CISSP, CISA, CISM, CCFP, CCSP, CCSK, CEH, GPEN, GIAC Advisory Board, ACE, ISSMP, ISSAP, ISO 27001 LA, STAR Auditor

• ISC2 Asia-Pacific Information Security Leadership Achievements (ISLA) Honoree – Senior Information Security Professional (2017)

• GIAC Advisory Board Member

• Founding Member of High Tech Crime Investigation Association

• Founding Member and Council Member of Information Security and Forensic Society (F.ISFS)

• Founding Member, Vice-President for Professional Development of Cloud Security Alliance (HK & Macau) Chapter

• Authorized CCSK Trainer

• ISC2 Authorized CCSP Trainer

• Part-time lecturer and Adjunct Assistant Professor of the Hong Kong University of Science and Technology

Award

• Asia-Pacific Information Security Leadership Achievements (ISLA®) Program 2017 honorees: Senior Information Security Professional

Achievements

• Led and performed security risk assessment, security audit, penetration tests, and security strategy study for HKSAR government departments.

• Performed Sarbanes-Oxley Act 404 IT consultancy services for China and Hong Kong-based US corporations.

• Led and conducted Computer Forensics investigations and incident handling services for HKSAR government departments and Financial Institutes in Hong Kong.

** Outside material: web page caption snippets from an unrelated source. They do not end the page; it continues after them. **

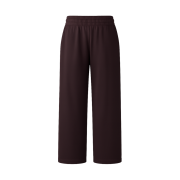 Uniqlo C Sweat Wide Pants Dark Brown - KR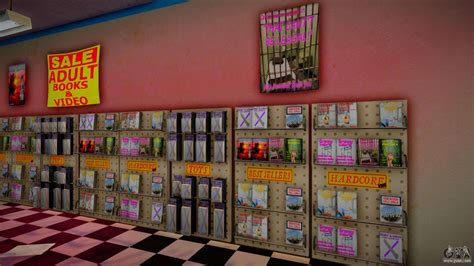 Sex Shop Interior Hd For Gta San Andreas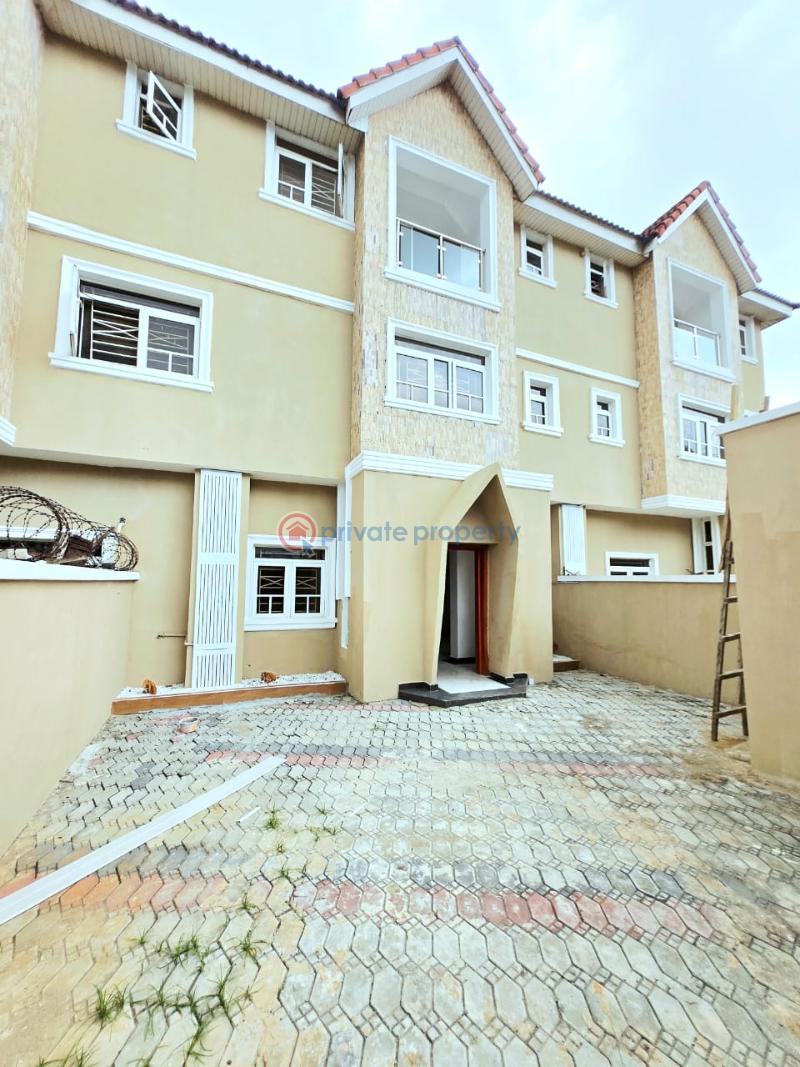 4 bedroom Semi detached Duplex For Rent Lekki Phase 1 Lagos - 1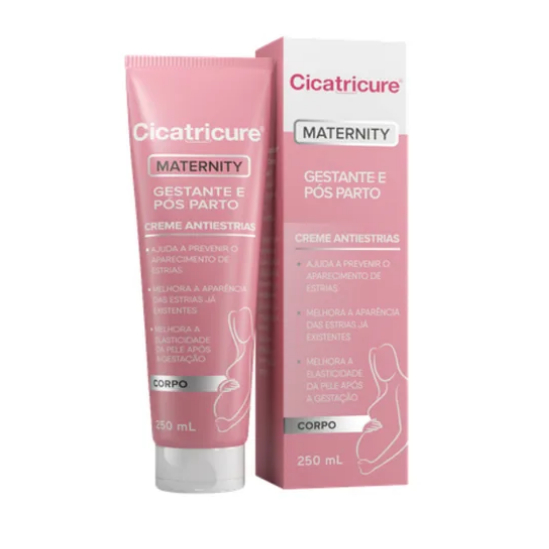 Cicatricure Creme Corporal Antiestrias Maternity
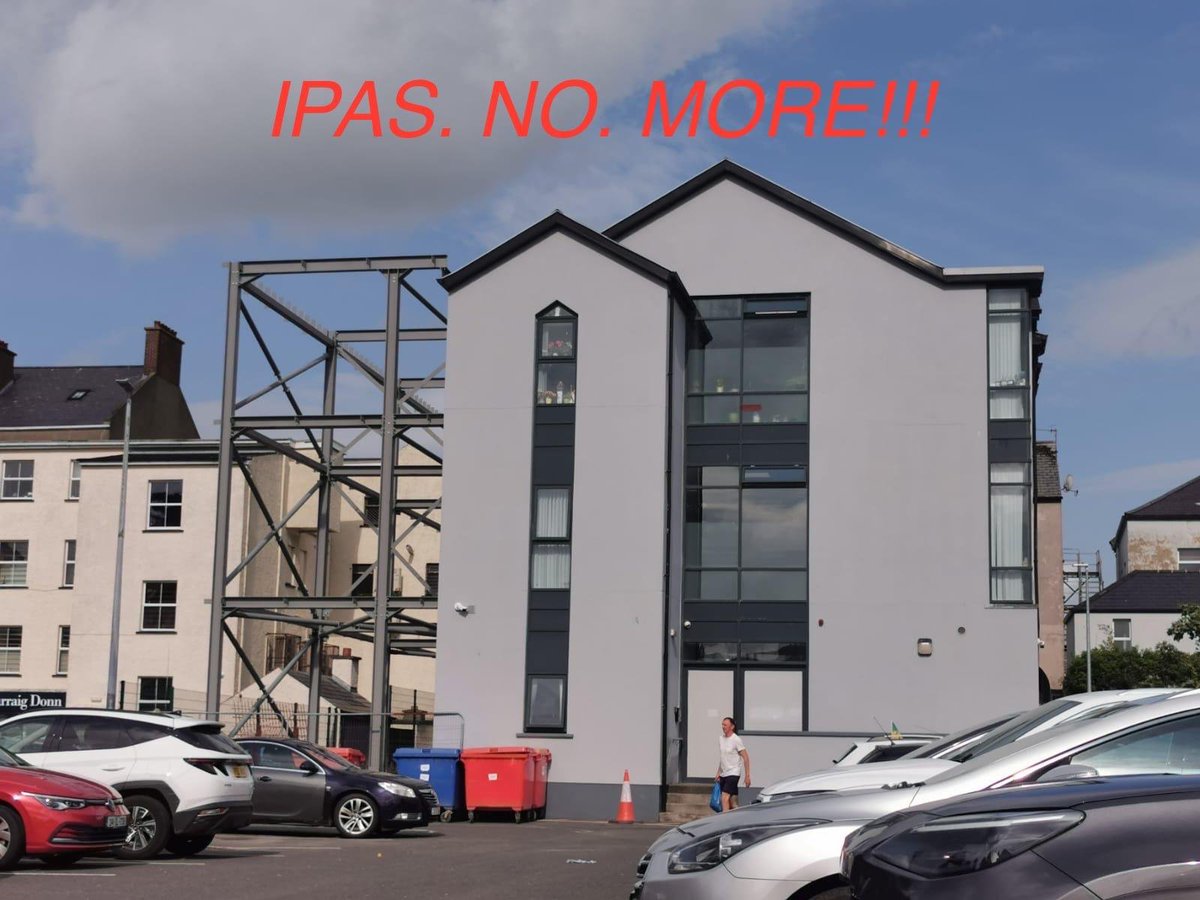 KimMenamin's tweet photo. GREAT NEWS everyone!
NO MORE IPAS AT WALKERS LANE!! Buncrana Co Donegal
I spoke  at length to the owner last week and we discussed the whole situation, he has re-assured me that he will not be involved in IPAS ever again. Thanks everyone.
@TheNotoriousMMA @fitkit @Mick_O_Keeffe https://t.co/q0muzFtGxY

• Designed and developed computer forensics tools for multi-national corporations

• Defined and planned the IT security services direction of the HP e-Security Center, HP Security Team in HK and AP Security Competence Center of HP;

• Led the HP Security Team in HK and Deputy Manager in the ITPSA Cat D (Security Services) for HKSAR Government.

• Led one of the two HP e-Security Center and performed penetration test services for clients in Asia Pacific, Europe and America.

Reference Cases

• Led over 50 governmental Security Risk Assessment and Audit cases for HKSAR governments

• Led and performed security assessment and audit for over 10 financial institutions in Hong Kong

• Led and performed web penetration tests for over 20 local and international corporations

• Conducted over 50 trainings on cloud security, incident handling and forensics, operating systems security and IT general awareness trainings

Henry Ng is an IT and cybersecurity veteran with over 28 years of experience. He held several senior management positions in the past including managing director of Thales cybersecurity APAC business line, head of professional services of Verizon business and security lead of HP Consulting. He has successfully setup and managed a regional APAC team to help customers protect against cyber security threats and manage IT security risks. Projects include cybersecurity maturity assessment, security policies and supporting governance framework development, PCI assessment and compliance program, security review and advisory on latest technology adoption, IT risk assessment and audits, data privacy and mobile/web security reviews. Customers include MNCs to SMEs covering banking and finance, insurance, telecommunications, retail and hospitability, transportation and utilities, manufacturing, government and public sector, and higher education institutes.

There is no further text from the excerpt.